In ein paar Tagen werde ich auch dort unten sein.
Es macht mir Schwierigkeiten, Schratts Bericht zu lesen. Seine Schrift ist hieroglyphisch, alles in entsetzlicher Hast niedergekritzelt. Manchmal vergaß er das Datum.
Janice bot mir an, es umzuschreiben, aber ich möchte es in Schratts eigener Schrift lesen.
Schratt schrieb:
Zweiundzwanzigster November
Die Fruchtlosigkeit psychologischer Berichte über geistige Reaktionen rührt von dem Versuch her, alles in Begriffen des Bewußtseins zu beschreiben. Donovans Handeln kann nicht auf diesem Wege beurteilt werden. Seine geistige Sphäre ist nicht von gleicher Ausdehnung wie die Sphäre seiner Bewußtheit. Sein Gedankenprozeß ist eine unvollkommene, zusammenhanglose Reihenfolge von Gefühlen, die alle einem abstrakten Ziel zustreben.
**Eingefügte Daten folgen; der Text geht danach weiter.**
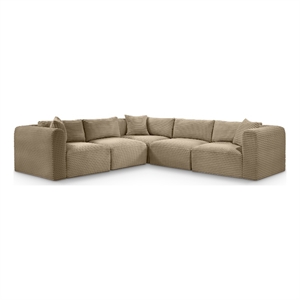 Meridian Furniture 5-Piece Taupe Corduroy Performance Fabric Modular Sectional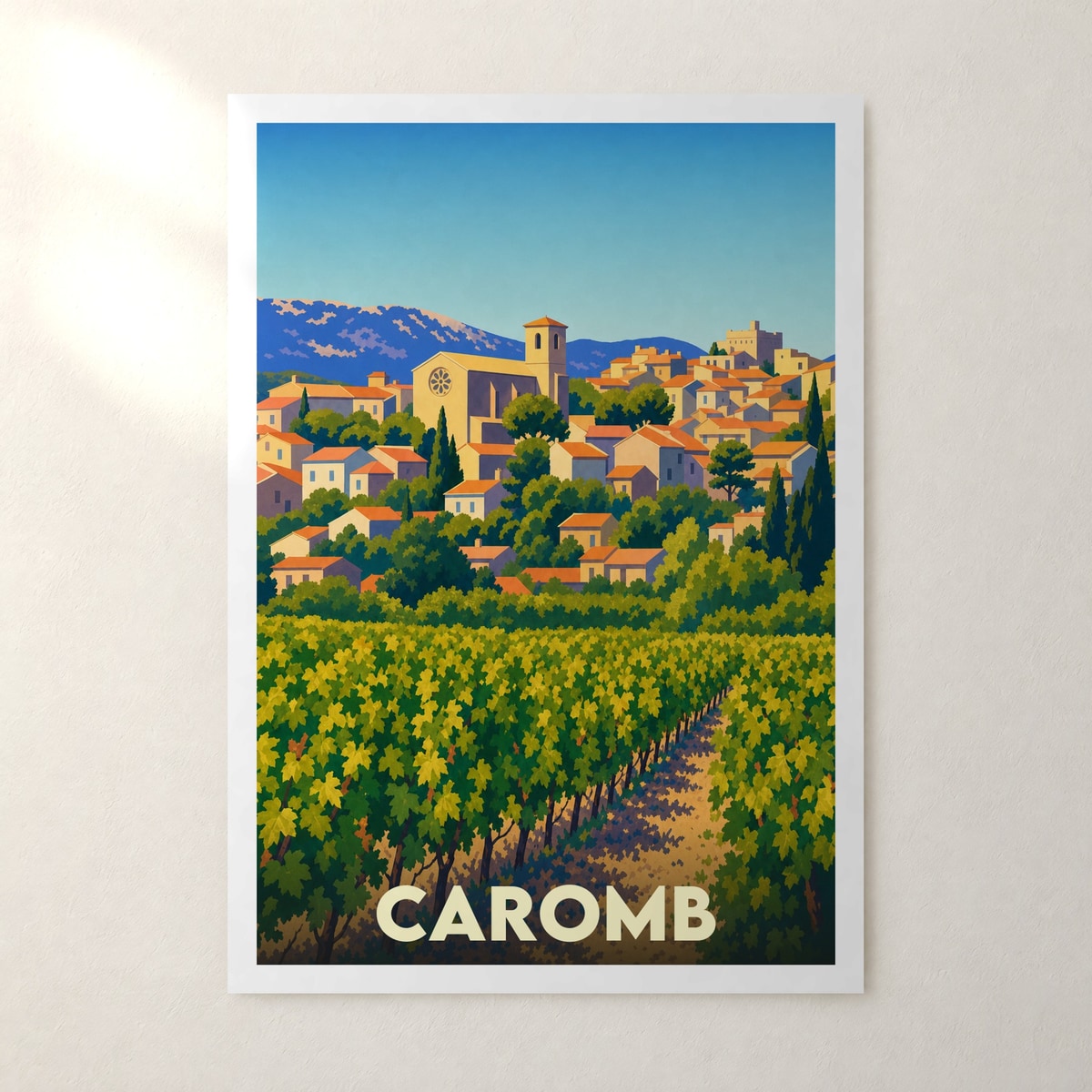 Affiche Caromb – sans cadre, accrochée au mur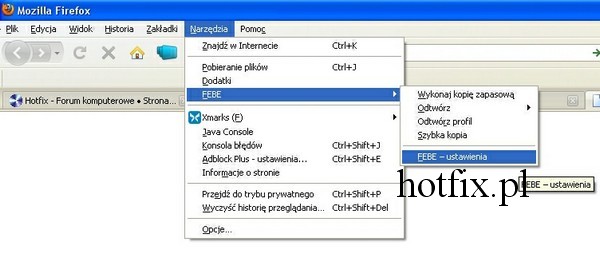 Backup profilu Firefox: FEBE ustawienia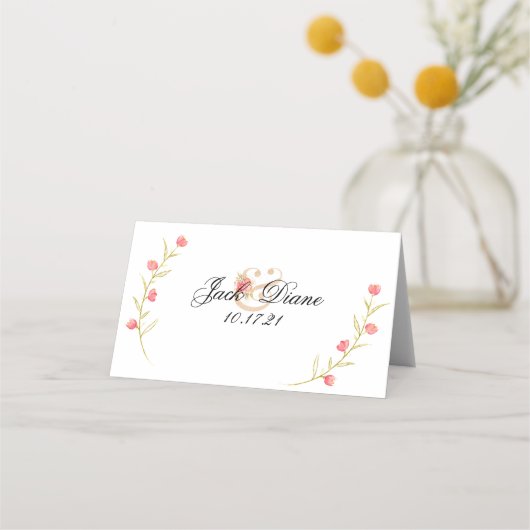Carte De Placement Mariage de la fête du jardin (Dos)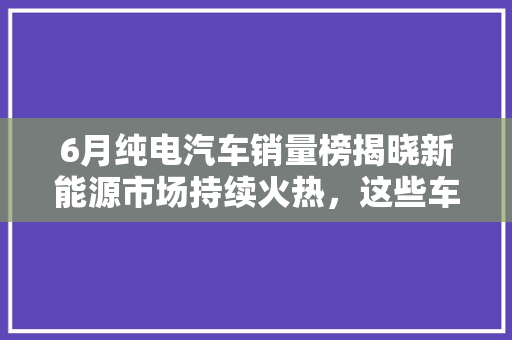 6月纯电汽车销量榜揭晓新能源市场持续火热，这些车型领跑行业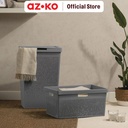 AZKO Stora 42.5X35.5X62 cm Keranjang Laundry - Abu-Abu Terra Tempat Baju Pakaian Kotor Wadah Cucian Laundry Basket Perlengkapan Rumah Tangga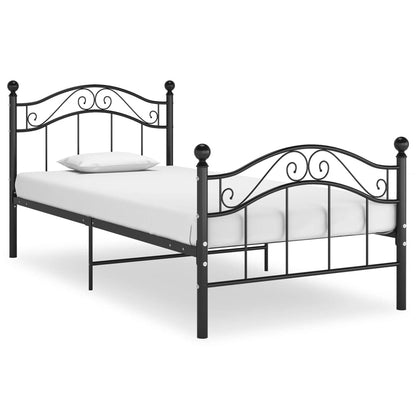 Bed Frame without Mattress Black Metal 100x200 cm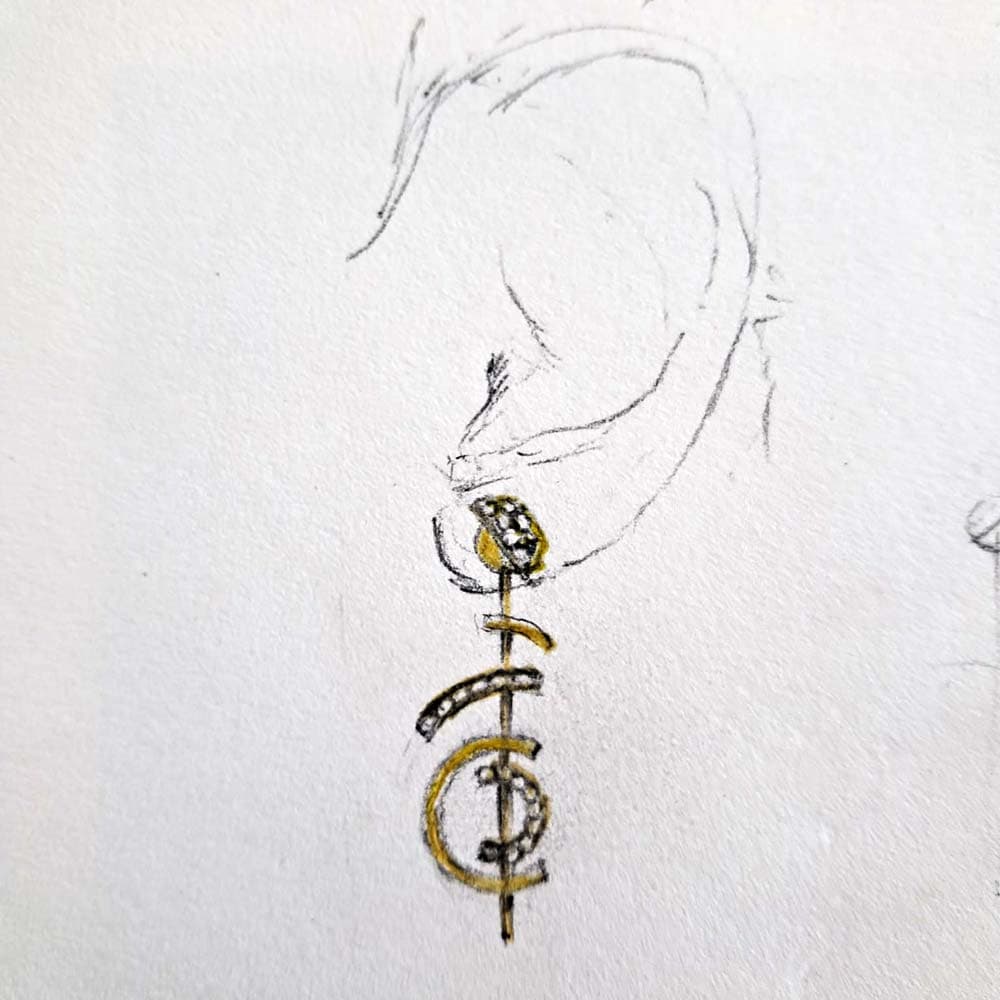 Croquis dessiné à la main de boucles d'oreilles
Er ist irrsinnig, an normalen Begriffen gemessen, und muß als unheilbar Irrer behandelt werden. Patricks Methode zur Erforschung dieses Geistes, der nicht ›vernünftig‹ ist, kann nur im Unheil enden.
Die Grenzlinie zwischen Wahnsinn und Genie ist nicht präzis zu definieren, aber mein Standpunkt ist: Genau an dem Punkt, wo Donovans Hirn anfing, Patricks Hirn zu beeinflussen, hat auch Patrick diese Grenzlinie überschritten. Er kann nicht mehr als normaler Mensch angesehen werden. Ein guter Wissenschaftler hätte sich seiner eigenen Beschränkung bewußt sein müssen und durfte keine Übergriffe ins Unerforschliche machen. Durch seine scheinbare Genialität betrogen, kann Patrick die Tatsachen nicht mehr klar sehen.
Zugegeben, daß die Ideen die einzige Realität beim Experimentieren sind, muß ihre praktische Anwendung dennoch beschränkt werden.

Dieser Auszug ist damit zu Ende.